Cant put it off any longer, so have to ask what is probably a dumb question  , what is the difference between an "electric" watch and a quartz battery watch, i mean the latter is running from an "electric" battery - Brian


----------



## Silver Hawk (Dec 2, 2003)

Simple really....they both have a battery but an "electric" or "electronic" movements pre-dates quartz.....instead they either have a tuning fork or a balance wheel....but no quartz :yucky: :


----------



## fernface (Mar 9, 2011)

Thank you :thumbup: , nice simple answer that even i can understand, cheers!


----------



## Morris Minor (Oct 4, 2010)

Electric / electronic with balance wheel:










and with Tuning Fork:










Stephen


----------



## mel (Dec 6, 2006)

You may ocasionally come across a strange "hybrid" in a Timex Quartz which has a balance wheel controlled by a quartz PCB. Silver Hawk is the "man" for Electrics, our resident "GURU" on Electric Watches. :lol:


----------



## fernface (Mar 9, 2011)

Thanks for the replies.
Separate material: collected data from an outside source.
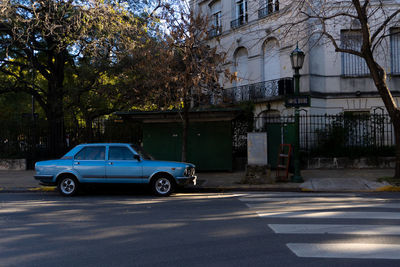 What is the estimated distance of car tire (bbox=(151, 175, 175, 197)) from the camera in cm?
977

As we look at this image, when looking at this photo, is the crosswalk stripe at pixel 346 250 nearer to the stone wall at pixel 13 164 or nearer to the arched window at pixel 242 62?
the stone wall at pixel 13 164

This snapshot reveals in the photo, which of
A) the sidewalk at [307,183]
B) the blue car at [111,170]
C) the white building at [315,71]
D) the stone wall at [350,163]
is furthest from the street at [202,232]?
the white building at [315,71]

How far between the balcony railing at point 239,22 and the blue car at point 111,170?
1449cm

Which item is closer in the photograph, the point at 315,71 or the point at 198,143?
the point at 198,143

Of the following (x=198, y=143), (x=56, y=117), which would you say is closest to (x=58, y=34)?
(x=56, y=117)

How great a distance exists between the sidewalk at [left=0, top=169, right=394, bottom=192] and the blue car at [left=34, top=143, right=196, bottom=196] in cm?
187

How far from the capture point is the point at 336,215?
681 cm

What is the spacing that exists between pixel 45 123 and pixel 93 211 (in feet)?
40.2

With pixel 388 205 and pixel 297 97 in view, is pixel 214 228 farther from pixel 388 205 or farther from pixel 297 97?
pixel 297 97

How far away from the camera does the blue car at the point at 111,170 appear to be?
385 inches

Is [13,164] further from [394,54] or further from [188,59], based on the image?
[394,54]

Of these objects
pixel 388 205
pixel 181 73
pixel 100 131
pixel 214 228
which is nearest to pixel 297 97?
pixel 181 73

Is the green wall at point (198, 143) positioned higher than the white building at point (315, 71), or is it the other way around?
the white building at point (315, 71)

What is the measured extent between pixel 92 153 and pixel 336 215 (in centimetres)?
698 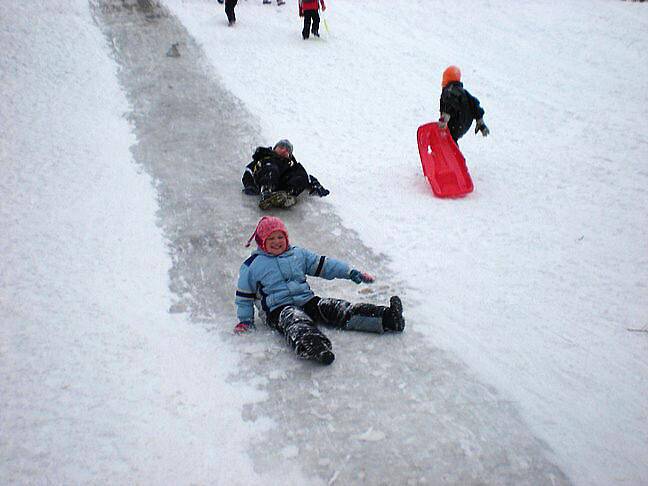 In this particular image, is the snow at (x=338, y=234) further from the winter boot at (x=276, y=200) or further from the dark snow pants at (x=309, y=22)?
the dark snow pants at (x=309, y=22)

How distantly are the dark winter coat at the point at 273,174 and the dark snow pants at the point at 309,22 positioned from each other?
684cm

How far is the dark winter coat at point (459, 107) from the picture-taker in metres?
7.11

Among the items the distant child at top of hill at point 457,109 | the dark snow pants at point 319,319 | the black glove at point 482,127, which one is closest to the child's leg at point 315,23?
the distant child at top of hill at point 457,109

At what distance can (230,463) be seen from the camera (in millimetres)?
3010

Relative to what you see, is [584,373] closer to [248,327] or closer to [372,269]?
[372,269]

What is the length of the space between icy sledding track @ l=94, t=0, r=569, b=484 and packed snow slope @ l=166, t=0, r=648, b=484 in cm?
26

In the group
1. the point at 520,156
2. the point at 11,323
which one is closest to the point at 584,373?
the point at 11,323

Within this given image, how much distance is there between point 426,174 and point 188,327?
3.99 m

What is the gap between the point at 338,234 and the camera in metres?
5.88

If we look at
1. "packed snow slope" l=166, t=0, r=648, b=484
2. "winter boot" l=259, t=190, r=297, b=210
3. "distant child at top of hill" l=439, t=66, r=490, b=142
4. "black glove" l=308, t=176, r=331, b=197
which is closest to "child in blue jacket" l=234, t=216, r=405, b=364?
"packed snow slope" l=166, t=0, r=648, b=484

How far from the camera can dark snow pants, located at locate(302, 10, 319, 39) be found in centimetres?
1224

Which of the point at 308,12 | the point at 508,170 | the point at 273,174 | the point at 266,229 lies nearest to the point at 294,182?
the point at 273,174

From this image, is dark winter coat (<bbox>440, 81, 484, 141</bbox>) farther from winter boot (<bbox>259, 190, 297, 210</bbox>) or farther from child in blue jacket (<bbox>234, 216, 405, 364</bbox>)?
child in blue jacket (<bbox>234, 216, 405, 364</bbox>)

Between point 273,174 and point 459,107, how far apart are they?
109 inches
Its been bugging me ever since i joined the forum, and saw the "electric" sub forum


----------



## William2 (Jul 6, 2011)

Ditto fernface, but I was too vain/ashamed/nervous to ask!


----------



## mel (Dec 6, 2006)

Always remember Guys, there's no such thing as a dumb question - -









#You may get a dumb answer or two tho' - specvially from me :rofl2:


----------



## bridgeman (Dec 9, 2008)

then theres the accuquartz-tuning fork AND quartz crystal :wallbash: :thumbup:


----------